K : Dites-vous que, séquentiellement, vous voyez fragment par fragment ? Alors, vous ne pourrez jamais arriver à la fin de la fragmentation.
S.P. : C’est ce que nous constatons après dix ou quinze ans d’observation.
K : Vous ne pouvez pas. Par conséquent, vous devez vous demander s’il existe une observation qui soit totale. J’entends l’affirmation que par la fragmentation, par l’examen de la fragmentation dans ma conscience qui est sans fin, cela ne peut pas être résolu de cette manière.

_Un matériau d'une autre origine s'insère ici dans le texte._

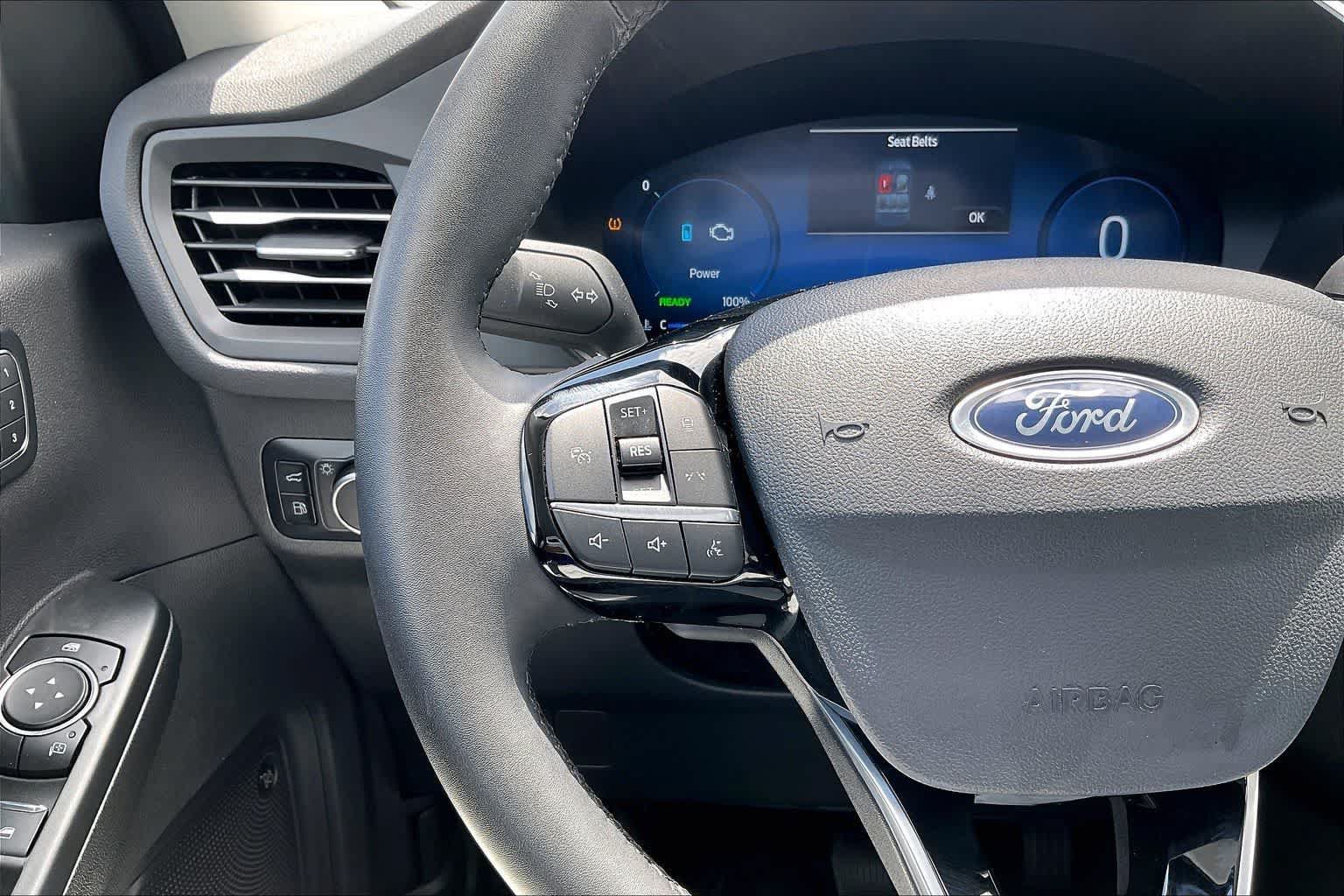 Used 2025 Ford Escape SE w/ PHEV Premium Package FWD image 24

L’ai-je écoutée ? Ai-je compris profondément dans mon cœur, dans mon sang, dans tout mon être, que l’examen de la fragmentation ne la résoudra jamais ? J’ai compris cela ; c’est pourquoi je n’y toucherai pas. Je ne m’approcherai pas d’un gourou. Tout cela est exclu parce qu’ils s’occupent tous de fragments — les communistes, les socialistes, les gourous, les religieux, tout est fragmenté, y compris les êtres humains.
S.P. : Dois-je voir toutes les implications à ce stade ou dois-je les travailler ?
K : Non, non. Les travailler est une fragmentation. Je ne peux pas voir la totalité parce que tout mon être, ma pensée, ma vie sont fragmentés. Quelle est la racine de cette fragmentation ? Pourquoi a-t-on divisé le monde en nations, en religions ? Pourquoi ?
S.P. : L’esprit dit que c’est le « je » qui agit.
K : Non, c’est intellectuel. Je vous ai dit : écoutez. Comment écoutez-vous cette affirmation ? Écouter avec l’intellect, c’est de la fragmentation. Entendre avec l’oreille est une fragmentation. Écoutez-vous avec votre être tout entier, ou vous vous contentez de dire « Oui, c’est une bonne idée » ?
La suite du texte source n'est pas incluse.